A gestão ressalta que a medida busca garantir eficiência diante da “complexidade e inovação tecnológica envolvidas no projeto”.
EXPANSÃO
Outros municípios alagoanos também avançam rapidamente. Em Piaçabuçu, a Lei Municipal nº 603/2025 criou o serviço público Lotepi, permitindo operação direta ou por delegação e destinando arrecadação para saúde, educação, turismo, segurança e assistência social — inclusive com previsão de reversão de prêmios não reclamados.
Em Novo Lino, a Loteria Municipal foi instituída pela Lei nº 380/2025, com concessões de até 20 anos e alíquota de 5% sobre a receita bruta.
Em Inhapi, a Lei nº 244/2025 autoriza concessões de 25 anos e determina auditorias periódicas pela Controladoria-Geral. Em Olho d’Água do Casado, um decreto de 2025 consolidou a operação da loteria, criando comitê gestor e regulamentando modalidades como raspadinhas e jogos instantâneos.
BASE LEGAL CONTESTADA
Embora a expansão esteja em ritmo acelerado, o ambiente jurídico é marcado por divergências. Em 2020, o Supremo Tribunal Federal decidiu que a União não detém exclusividade na exploração de loterias, permitindo que estados operem seus próprios serviços.
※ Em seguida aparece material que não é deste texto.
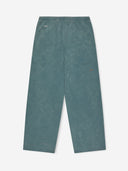 7 Days Active Lounge Pants Pants 065 Dusty Green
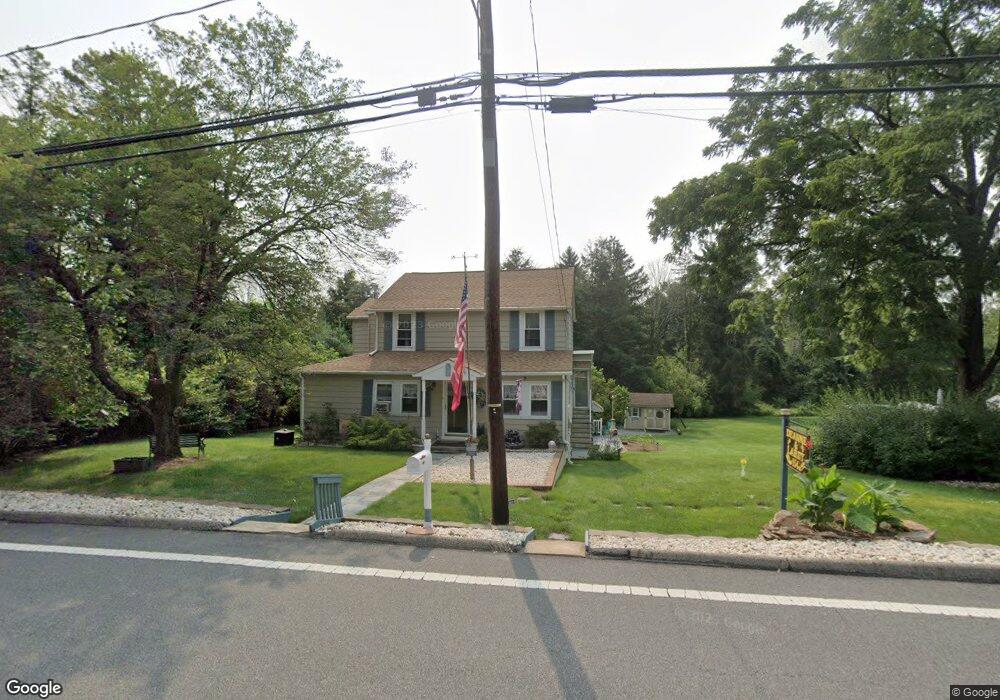 154 Randolph Ave, Mine Hill, NJ 07803 - photo 1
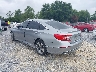 1HGCV1F50KA****** Salvamento y Reparables 2019 Honda Accord en Pensacola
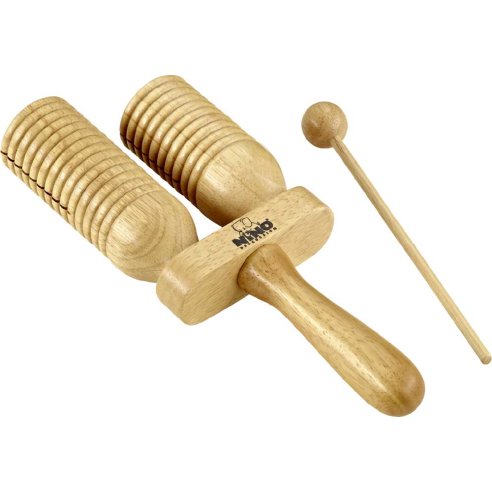 NINO PERCUSSION NINO560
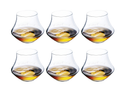 Copas para whisky Chef & Sommelier Open Up - 300 ml - 6 unidades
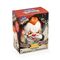 IT - Pennywise - Toyllectible Pufflums Figure 18cm
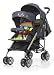 Cosatto Duet Lite Tandem Pushchair (Get Set Go)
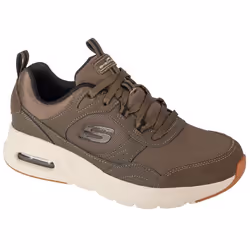 Sneakers Homegrown Synthétique Vert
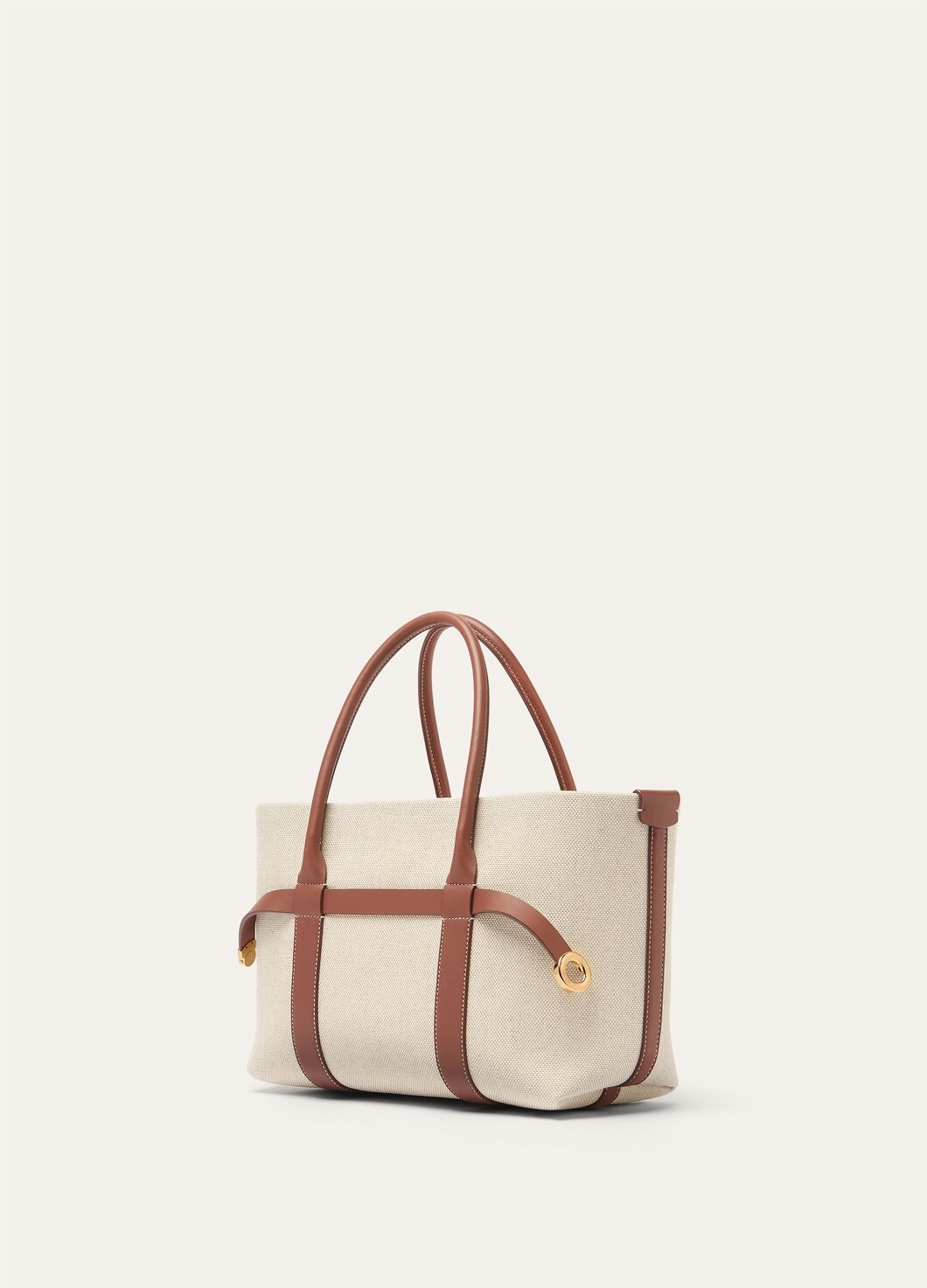 Small Ghiera Shopper - 4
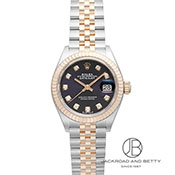 ROLEX bNX Datejust 28 fCgWXg 28 279171G I[xW[k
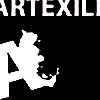 artexile's avatar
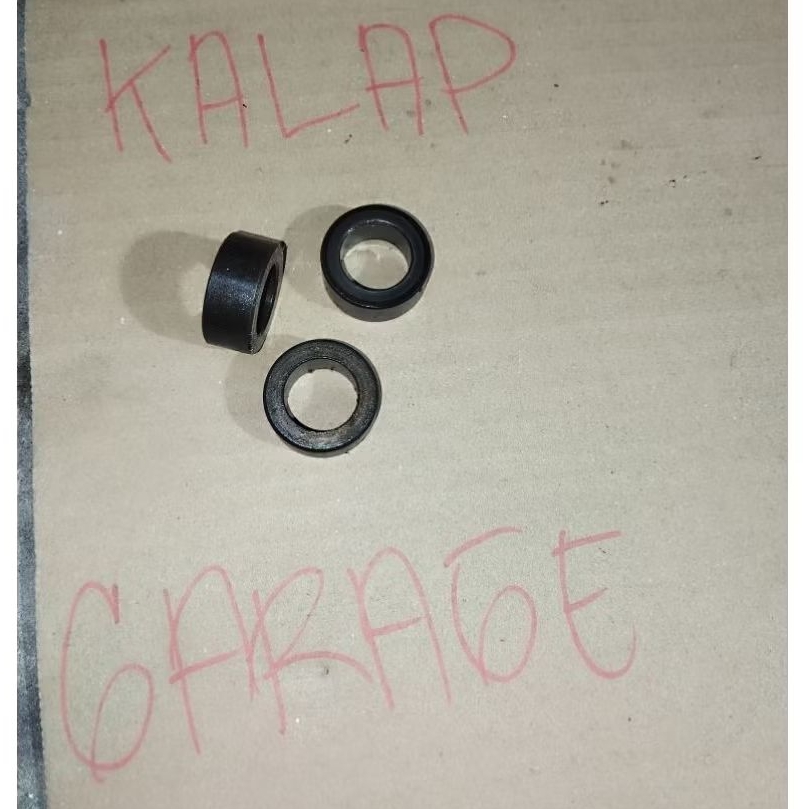 BOSH RING AS KOPLING SUPRA125 KARISMA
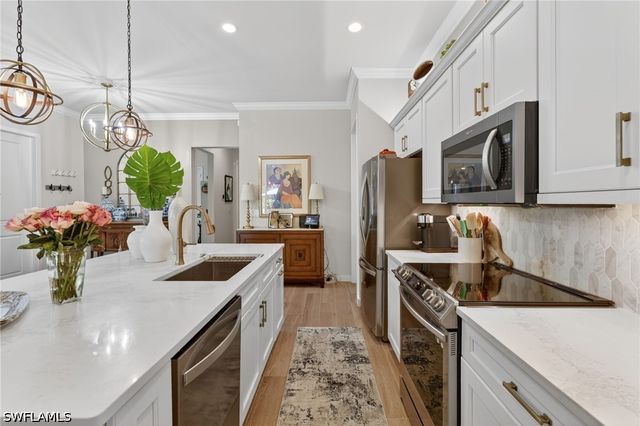 14628 Kingfisher LOOP, Naples, FL 34120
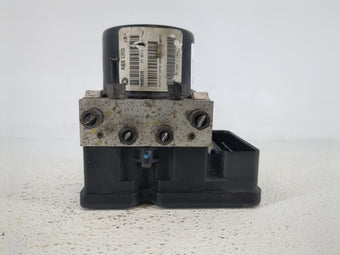 compare product 2010 Chrysler Sebring ABS Pump Control Module Replacement P/N:P05085337AE Fits Fits 2011 2012 2013 2014 OEM Used Auto Parts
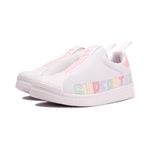 Tenis-adidas-Superstar-360-X-PS-Infantil--Branco-5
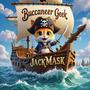 Buccaneer Geek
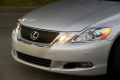 2007 Lexus GS460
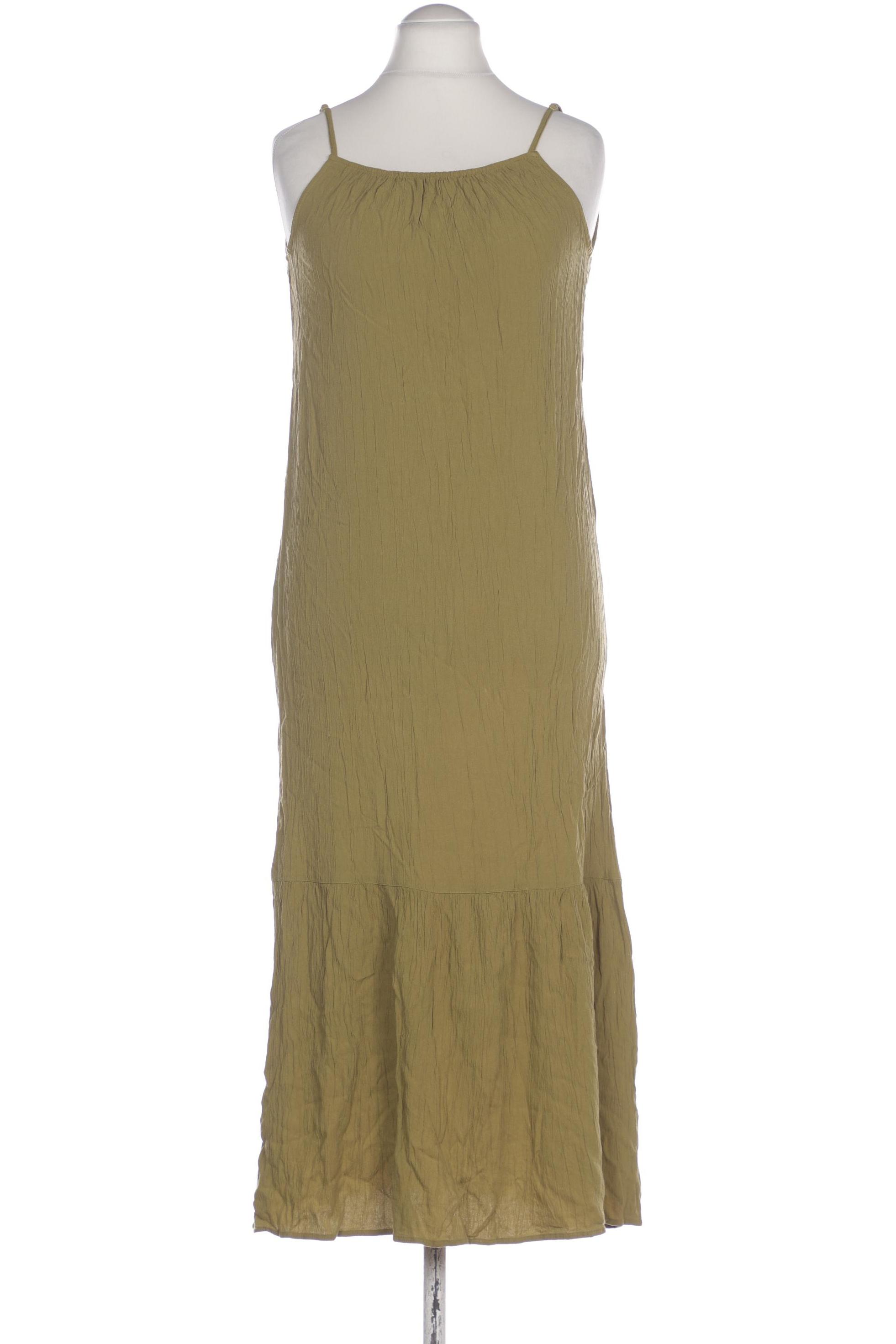 

Esprit Damen Kleid, grün, Gr. 38
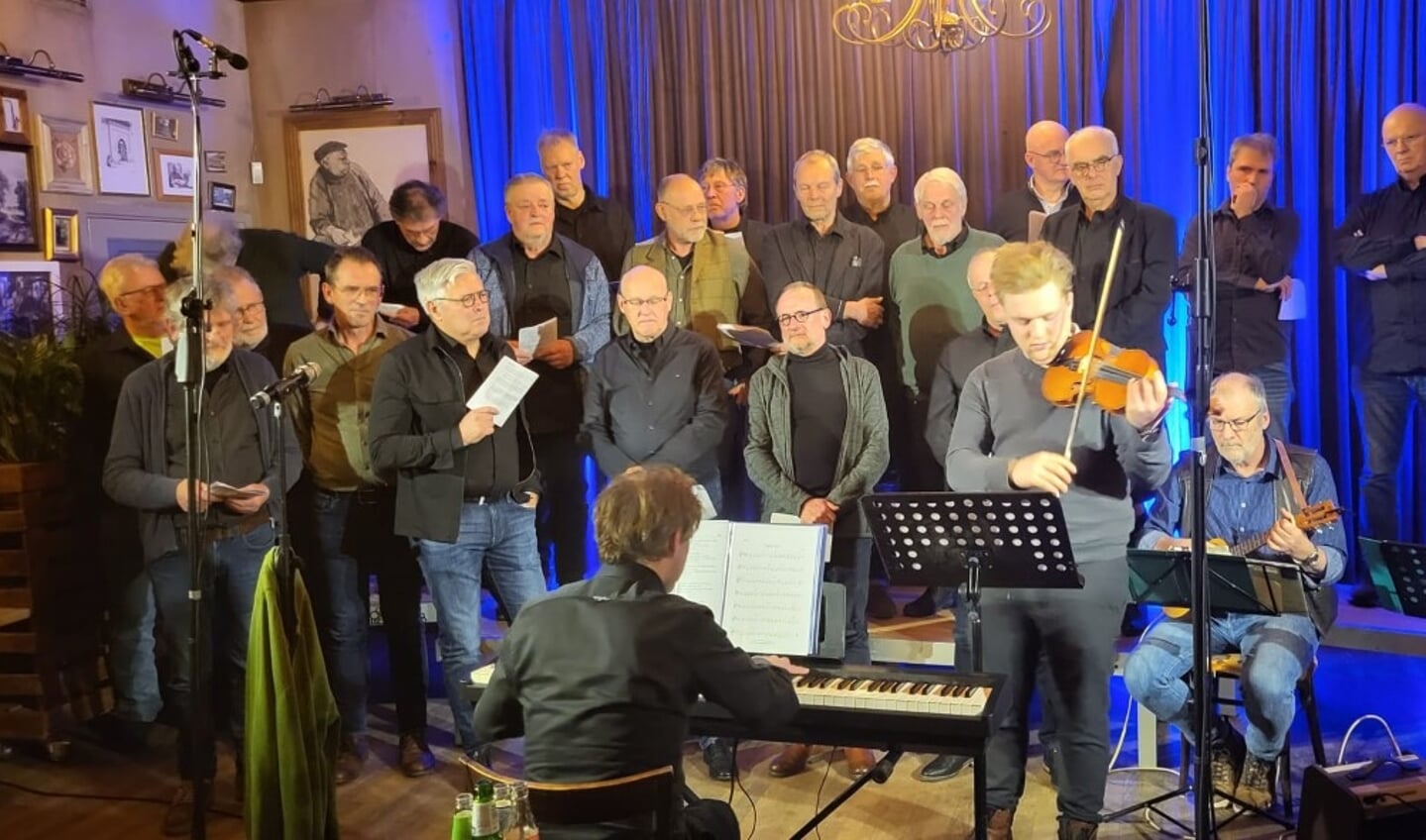 Pancratiuskerk Gaat Deuren Sluiten Al Het Nieuws Uit Teylingen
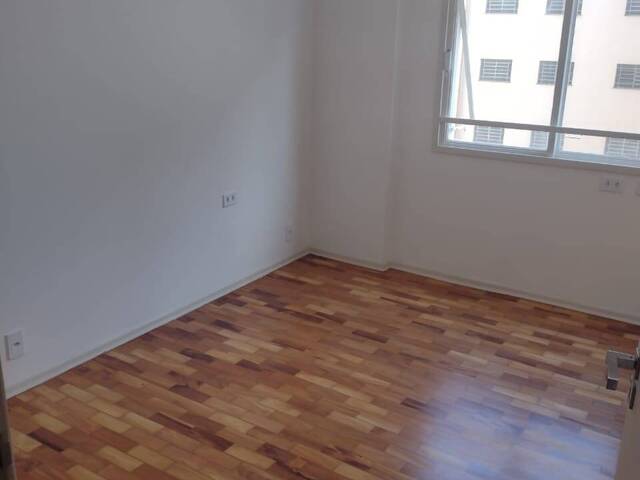 #2804 - Apartamento para Venda em São Paulo - SP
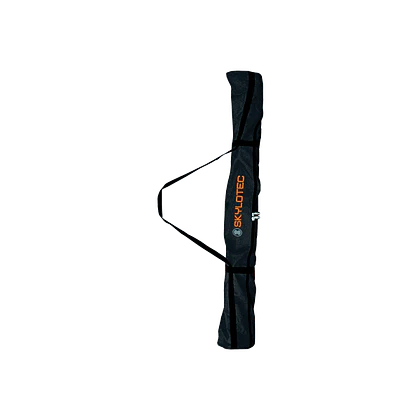 Bolso para tripode TRIBOC BAG – Skylotec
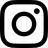 noteLogo
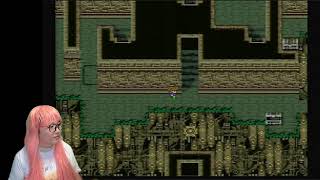 【ファイナルファンタジーV#14】サトウミトの「みぃとしよぅっ‼(me to show)」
Municípios passaram a interpretar que, na ausência de proibição expressa, a autonomia municipal lhes daria base para criar loterias locais.
Esse entendimento, porém, conflita com a posição do governo federal. Para a Secretaria de Prêmios e Apostas (SPA), do Ministério da Fazenda, a prática é irregular porque a Lei 14.790/2023 — que regulamenta apostas de quota fixa — autoriza apenas União, estados e Distrito Federal a explorarem esse setor. Não citar os municípios, segundo o governo, significaria exclusão da competência.
Entretanto, para o presidente da Associação Nacional das Loterias Municipais e Estaduais (Analome), Romero Roma, o STF foi claro: a União tem competência para legislar sobre o tema, mas não tem exclusividade para explorar esse serviço público. Ou seja, estados (e, por consequência lógica, os municípios) têm o direito de operar suas próprias loterias, desde que respeitem a legislação federal vigente.
Ele afirma que a manutenção das loterias municipais, além de gerar recursos extras para as prefeituras, representaria um incremento de R$ 11,6 bilhões ao ano à União em termos tributários.
“Negar esse direito agora aos municípios é não só incoerente com o entendimento do próprio STF, como também um retrocesso para o federalismo e para a administração pública eficiente”, afirma.
A controvérsia chegou ao STF por meio de uma Arguição de Descumprimento de Preceito Fundamental (ADPF) proposta pelo partido Solidariedade, que pede a suspensão imediata das leis municipais e argumenta que a proliferação de loterias locais cria um “cenário caótico”, dificulta a fiscalização e reduz a proteção aos consumidores, já que normas municipais não seguem as exigências mais rigorosas impostas pelo governo federal — como a outorga de R$ 30 milhões prevista para empresas de apostas nacionais.
O julgamento da ADPF 1212 será decisivo para definir o futuro das loterias municipais. Enquanto a decisão não chega, municípios alagoanos seguem implementando seus sistemas e apostando que a jurisprudência atual do STF, embora não definitiva, lhes assegura espaço para explorar o serviço.